La Polonaise fut en revanche composée en 1814 et dédiée à la Tsarine Elisabeth, qui se trouvait à Vienne pour le Congrès des puissances restauratrices, une période particulièrement favorable pour Beethoven. Elle aussi est rarement jouée, même si c’est une pièce assez brillante.
Mais toutes deux, c’est à noter, en général n’ont pas bonne réputation et sont taxées de « superficialité », un peu comme le Triple Concerto inaugural du reste. Giovanni Carli Ballola a souligné « la brillante et facile extériorité du Rondo alla polacca du Triple Concerto op.56 qui, tout comme la Polonaise op.89 doit être considéré une des rares concessions maladroites de Beethoven à la mode du temps ». Quant à la Victoire de Wellington, on a dit pire encore. Pour Alfred Einstein, c’est le « point le plus bas de l’œuvre de Beethoven » (( cité par Buscaroli, op.cit.)). Pour Charles Rosen (dans Le style classique) ((Le Style classique. Haydn, Mozart, Beethoven, trad. Marc Vignal, Paris, Gallimard, 1978, 2011)) « elle montre si clairement que c’est une œuvre alimentaire que même la honte serait hors de propos » ((les citations de Giovanni Carli Ballola et Charles Rosen proviennent de Beethoven. Signori, il catalogo è questo ! de Amedeo Poggi et Edgar Vallora (Einaudi, 1995))) . Mais Beethoven face aux reproches s’en déclara très satisfait.

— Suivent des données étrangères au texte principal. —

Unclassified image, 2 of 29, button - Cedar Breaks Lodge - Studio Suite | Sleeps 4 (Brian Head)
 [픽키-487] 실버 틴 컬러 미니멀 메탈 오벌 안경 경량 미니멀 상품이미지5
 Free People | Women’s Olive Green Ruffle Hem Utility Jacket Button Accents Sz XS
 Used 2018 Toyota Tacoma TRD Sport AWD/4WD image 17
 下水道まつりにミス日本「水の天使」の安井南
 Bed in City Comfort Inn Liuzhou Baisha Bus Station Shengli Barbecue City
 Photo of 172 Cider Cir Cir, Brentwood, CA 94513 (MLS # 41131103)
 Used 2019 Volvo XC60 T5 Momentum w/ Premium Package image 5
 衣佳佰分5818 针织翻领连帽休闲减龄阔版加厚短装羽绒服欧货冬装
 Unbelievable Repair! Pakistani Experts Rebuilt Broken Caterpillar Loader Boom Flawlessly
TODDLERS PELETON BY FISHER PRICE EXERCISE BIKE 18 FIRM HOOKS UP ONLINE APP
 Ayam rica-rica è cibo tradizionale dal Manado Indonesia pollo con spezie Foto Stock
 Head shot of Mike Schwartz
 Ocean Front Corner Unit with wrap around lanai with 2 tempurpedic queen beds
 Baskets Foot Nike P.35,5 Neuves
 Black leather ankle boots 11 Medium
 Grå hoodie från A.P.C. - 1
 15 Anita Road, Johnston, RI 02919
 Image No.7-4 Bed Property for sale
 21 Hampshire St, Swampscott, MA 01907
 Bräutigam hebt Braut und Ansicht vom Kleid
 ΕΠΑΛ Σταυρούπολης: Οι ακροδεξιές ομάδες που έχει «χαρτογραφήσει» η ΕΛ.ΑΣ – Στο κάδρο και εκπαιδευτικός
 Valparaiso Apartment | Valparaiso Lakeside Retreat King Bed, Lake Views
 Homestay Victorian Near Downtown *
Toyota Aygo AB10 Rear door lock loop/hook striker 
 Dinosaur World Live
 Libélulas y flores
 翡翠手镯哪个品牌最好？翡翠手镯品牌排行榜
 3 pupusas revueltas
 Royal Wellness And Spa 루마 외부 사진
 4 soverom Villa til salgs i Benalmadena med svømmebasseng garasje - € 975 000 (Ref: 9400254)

On doit retourner encore une fois vers Buscaroli. La Victoire, pour lui, est « un essai exquis, de métier supérieur, à l’instrumentation fabuleuse, musique écrite de manière splendide pour de grands effets extérieurs et publics, que seules de vieilles filles revêches pouvaient comparer à une symphonie ou l’autre ». En dernière analyse, enfin, il n’y a pas d’œuvre, comme dit Goethe, cité par Buscaroli, « qui ne soit de circonstance ». A chacun son écoute.